Color relationships (sometimes called interactions or contrasts) are both scientific and mystical. You can study the wavelengths of two hues, the way they are received by the eye and interpreted by the brain. On the other hand, you can look at a color combination and react emotionally or instinctively, knowing or feeling that something is cheerful, comforting, gloomy, or even nauseating. That's the power of color.

Combining colors can be an infinite exercise. (Josef Albers anyone?) But knitting is time-consuming, so we prefer to experiment with winning relationships.

You can arrange your yarn colors in skein form, but don't forget that the effect of color relationships has a lot to do with proportion and placement, so swatch your color combinations too.

Beautiful combinations to try in knitting

Here are some basic relationships to get us started. I'm using pure hues here to best demonstrate the concepts, but don't worry, you can use these same concepts with neutral shades and tints too. Stay tuned for more on neutrals in Color Theory Basics: Part III.


A monochromatic color scheme  (like the one at the top of the page) uses one hue. This may sound boring, but can yield the most elegant combinations. A monochromatic scheme can include tints and shades of a color. In knitting, you can play with adding small pops of contrasting color to a monochromatic scheme for high impact. For example, try adding a saturated lime green or warm gold to a neutral scheme in shades of grey.

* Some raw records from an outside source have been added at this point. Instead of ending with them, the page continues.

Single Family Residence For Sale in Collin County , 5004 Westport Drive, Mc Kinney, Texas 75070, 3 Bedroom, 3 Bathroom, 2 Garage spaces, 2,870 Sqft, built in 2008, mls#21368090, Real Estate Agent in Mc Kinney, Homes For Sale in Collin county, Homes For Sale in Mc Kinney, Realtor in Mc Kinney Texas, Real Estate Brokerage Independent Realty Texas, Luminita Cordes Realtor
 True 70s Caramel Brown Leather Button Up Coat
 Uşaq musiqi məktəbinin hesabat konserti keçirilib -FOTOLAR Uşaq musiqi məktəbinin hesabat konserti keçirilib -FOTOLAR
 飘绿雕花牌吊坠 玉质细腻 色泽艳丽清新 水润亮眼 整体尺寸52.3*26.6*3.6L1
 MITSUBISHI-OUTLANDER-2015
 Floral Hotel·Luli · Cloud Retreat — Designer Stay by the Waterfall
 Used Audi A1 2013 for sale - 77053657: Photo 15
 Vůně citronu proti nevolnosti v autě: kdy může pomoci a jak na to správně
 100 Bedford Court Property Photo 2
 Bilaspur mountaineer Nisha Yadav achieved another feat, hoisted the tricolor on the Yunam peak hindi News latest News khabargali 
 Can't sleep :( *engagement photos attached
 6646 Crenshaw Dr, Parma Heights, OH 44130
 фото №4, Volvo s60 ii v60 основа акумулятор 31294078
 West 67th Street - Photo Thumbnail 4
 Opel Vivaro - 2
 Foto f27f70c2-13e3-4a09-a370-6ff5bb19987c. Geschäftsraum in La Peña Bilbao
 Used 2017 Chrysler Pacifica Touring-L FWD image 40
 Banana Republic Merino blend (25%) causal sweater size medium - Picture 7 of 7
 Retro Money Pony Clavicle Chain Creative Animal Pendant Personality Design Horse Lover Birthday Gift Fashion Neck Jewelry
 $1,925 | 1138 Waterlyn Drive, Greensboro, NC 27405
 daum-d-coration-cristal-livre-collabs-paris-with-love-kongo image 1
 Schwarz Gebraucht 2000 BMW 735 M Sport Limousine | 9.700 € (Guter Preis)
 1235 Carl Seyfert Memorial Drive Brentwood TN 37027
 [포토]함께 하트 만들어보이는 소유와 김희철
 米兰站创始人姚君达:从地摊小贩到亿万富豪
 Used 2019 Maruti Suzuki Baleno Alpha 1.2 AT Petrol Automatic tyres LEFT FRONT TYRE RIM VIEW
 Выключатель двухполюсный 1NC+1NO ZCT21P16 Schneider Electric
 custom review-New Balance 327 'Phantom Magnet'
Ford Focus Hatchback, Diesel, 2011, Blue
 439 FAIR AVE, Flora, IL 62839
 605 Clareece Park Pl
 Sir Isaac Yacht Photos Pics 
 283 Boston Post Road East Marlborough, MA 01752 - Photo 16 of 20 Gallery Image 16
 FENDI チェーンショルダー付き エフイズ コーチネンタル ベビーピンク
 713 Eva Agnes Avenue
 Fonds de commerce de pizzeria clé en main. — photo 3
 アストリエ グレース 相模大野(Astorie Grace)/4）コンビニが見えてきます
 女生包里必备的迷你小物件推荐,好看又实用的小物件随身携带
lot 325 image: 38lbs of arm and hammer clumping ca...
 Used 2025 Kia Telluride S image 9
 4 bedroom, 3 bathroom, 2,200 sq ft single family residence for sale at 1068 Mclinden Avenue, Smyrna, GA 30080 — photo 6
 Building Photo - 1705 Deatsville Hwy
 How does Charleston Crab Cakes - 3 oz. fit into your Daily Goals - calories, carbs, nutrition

An analogous color scheme uses colors that lie next to each other on the colour wheel. Since they share color properties, they are guaranteed to get along. Analogous schemes are low contrast and rich.



These colors lie opposite each other on the color wheel. Complementary combinations can be quite striking. If you use undiluted pure hues, complementary combinations are generally quite cheerful. If you use complementary tints, the result is easy and pleasing. (Think of Easter eggs: pale yellow and mauve; pale peach and blue; mint and pink). But be careful, colors that are not directly opposite each other can create jarring optical effects.


Split complementary

A split complementary is similar to complementary, but one color is combined, not with its direct opposite, but the colors that lie on either side of its opposite. This combination is quite complex when you start adding tints and shades, and can yield sophisticated palettes.



A triad scheme uses three colors equidistant from each other on the color wheel. Like complementary schemes, triads tend to be quite cheerful and pleasing when using pure hues or tints.